From Pope St. John Paul II’s Apostolic Exhortation Familiaris Consortio (1981):
The pastoral care of the regularly established family signifies, in practice, the commitment of all the members of the local ecclesial community to helping the couple to discover and live their new vocation and mission. In order that the family may be ever more a true community of love, it is necessary that all its members should be helped and trained in their responsibilities as they face the new problems that arise, in mutual service, and in active sharing in family life.
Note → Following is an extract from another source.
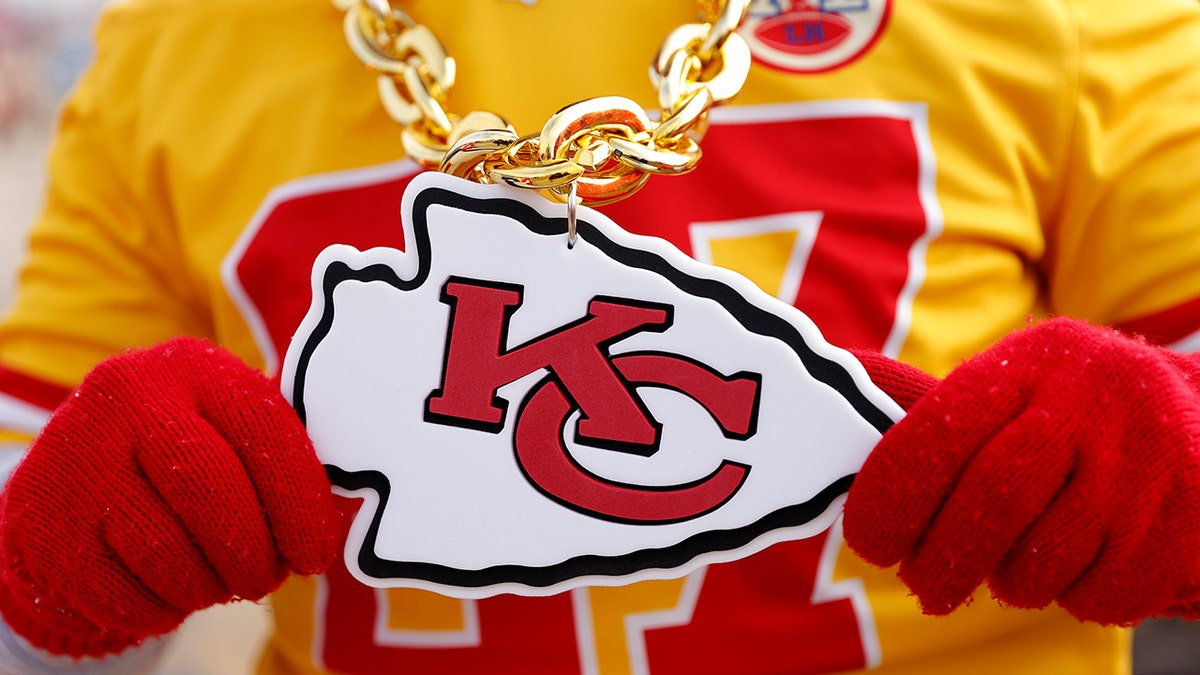 Chiefs sued by former employee alleging racial discrimination after being accused of attacking female coworker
This holds true especially for young families, which, finding themselves in a context of new values and responsibilities, are more vulnerable, especially in the first years of marriage, to possible difficulties, such as those created by adaptation to life together or by the birth of children. Young married couples should learn to accept willingly, and make good use of, the discreet, tactful and generous help offered by other couples that already have more experience of married and family life. Thus, within the ecclesial community—the great family made up of Christian families—there will take place a mutual exchange of presence and help among all the families, each one putting at the service of others its own experience of life, as well as the gifts of faith and grace. Animated by a true apostolic spirit, this assistance from family to family will constitute one of the simplest, most effective and most accessible means for transmitting from one to another those Christian values which are both the starting point and goal of all pastoral care. Thus young families will not limit themselves merely to receiving, but in their turn, having been helped in this way, will become a source of enrichment for other longer established families, through their witness of life and practical contribution.
In her pastoral care of young families, the Church must also pay special attention to helping them to live married love responsibly in relationship with its demands of communion and service to life. She must likewise help them to harmonize the intimacy of home life with the generous shared work of building up the Church and society. When children are born and the married couple becomes a family in the full and specific sense, the Church will still remain close to the parents in order that they may accept their children and love them as a gift received from the Lord of life, and joyfully accept the task of serving them in their human and Christian growth.